I don't really mention the opening bands in these reviews, but I The Mighty put on a very solid and tight set. I'm not a fan, but I can't say they didn't perform well. HRVRD was beyond entertaining. Their frontman (next to Aaron Weiss of mewithoutyou) was the craziest/most hilarious vocalists I've ever seen. Bug-eyed and wild, he flapped his arms, donned a creepy old man mask, ventured through the crowd like no one else was there, etc. Again, I don't listen to them but they definitely were fun to watch.

Then up came the reason I was there.

The Dupree sisters didn't come on stage until it was time to perform, which I'd say was a wise thing so as to keep all the crazy fanboys (me included) from swooning and whatnot. The crowd erupted into cheers as Sherri (far right in the above pic) smiled and said "Oh, stop it." They then glided right into the title track off of their new album, Currents. I pretty much forgot to sing along because I was sort of in awe. I managed to get some crappy videos and pictures before their short setlist ended too soon. 

I'd categorize the three sisters this way. Sherri has the pipes. That woman can sing. Stacy has the elegant voice and flawless falsetto (middle above), while Chauntelle rips on guitar and offers up her lovely voice very rarely. Everyone cheered for her two lines in "I Could Be There For You." Check out her solo project:

A long track, but worth it.

Seeing as they weren't the headliner, they played about ten songs and then were done. I picked up a shirt and Chauntelle's EP which I managed to listen to three time on the ride home. I'm not weird.

Here are some highlights/lowlights and a link to the setlist.
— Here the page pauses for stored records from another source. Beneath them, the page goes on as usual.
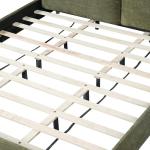 Merax California King Size Boucle Fabric Upholstered Platform Bed with Two Removable Pillow Headboard, Wood Bed Frame with Solid Round Legs for Kids Teens Adults, Olive Green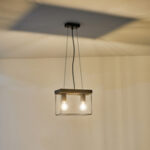 ΦΩΤΙΣΤΙΚΟ ΚΡΕΜΑΣΤΟ ΞΥΛΟ-ΜΕΤΑΛΛΟ 2ΦΩΤΟ 2XΕ27 MΑΧ 15W 300X125X1230mm ΜΑΥΡΟ-ΚΑΦΕ ARTE ILLUMINA MULTIPLA EUROLAMP – 144-30115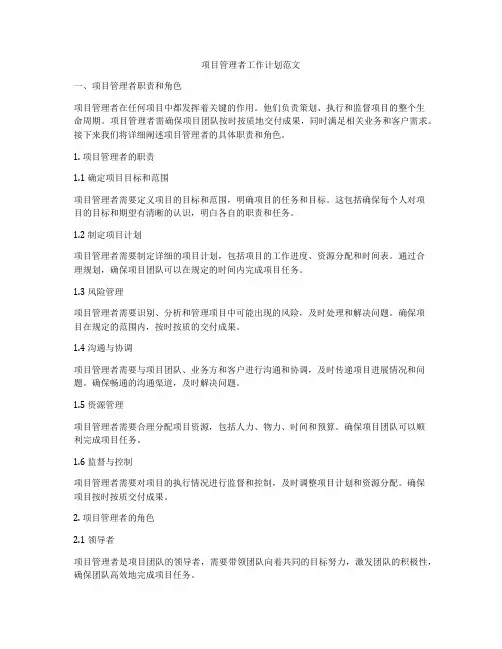 项目管理者工作计划范文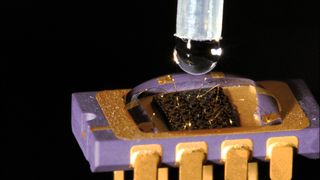 Abb. 1: Der On-Chip Sensor für Flüssigkeiten: Ein Tropfen der Flüssigkeit genügt, um die Zusammensetzung zu bestimmen. (Bild: B.Schwarz/TU Wien)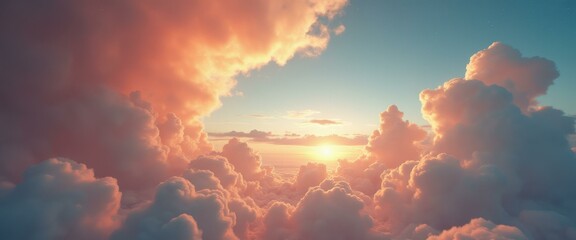 Poster - Majestic sunset above the clouds, serene sky view
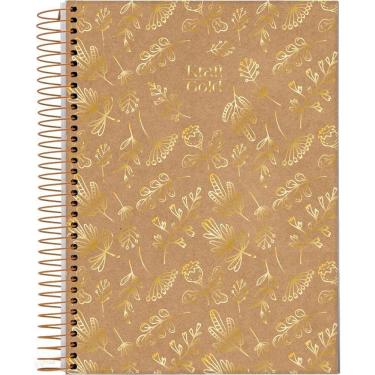 Imagem de Caderno Espiral Capa Dura Colegial Kraft Gold 10 Matérias 160 Folhas Jandaia Estampa 4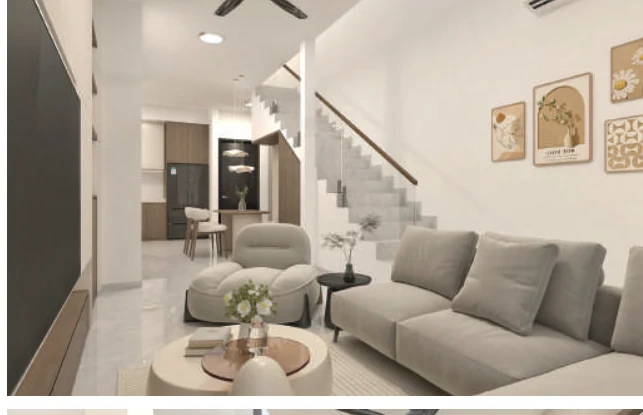Duplex living area with staircase at Ponderosa Regency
The link is to an earlier show in the tour as the Seattle one isn't up yet. They didn't played "Golly Sandra" and they added "I Could Be There For You" and "Many Funerals" for us.

Highlights: How do I explain an Eisley show without using the word lovely? Yes, it was lovely. That's the only word for it. As stated above, I enjoyed getting to hear Chauntelle in the spotlight for all of her twelve seconds in "I Could Be There For You." Hearing the new stuff live is great, as songs like "Drink The Water" and "Save My Soul" present a different atmosphere and power from their earlier efforts. It appeared that last night's setlist put Sherri in the fore, as most of the songs were led by her. As I said, she's got a powerful voice. Breathless, she said to the crowd after one of the songs that she didn't know what was up with the set that night, but she felt that her sisters made her sing all of the hard songs. Oh, and seeing the sisters gab while their brother Weston started the count on the drums on one of the songs before they were ready was great. His glare was awesome. Sibling love.

Lowlights: Annoying girls everywhere. Girls who couldn't dance and tall guys trying their best to stand right in front of me. The band can't help that. The setlist was a bit too short but they weren't the main act so it was understandable. Also, I would have liked to see much more/different songs from The Valley, given that it's probably my favorite album. Oh, and the girl throwing up in the trashcan as I left. Could have done without that imagery.

I have no doubt that Eisley will do a headlining tour to support Currents so they'll be back but not for awhile. In the meantime, I'll just be spinning my vinyl and playing the heck out of Chauntelle's EP. I'm not weird.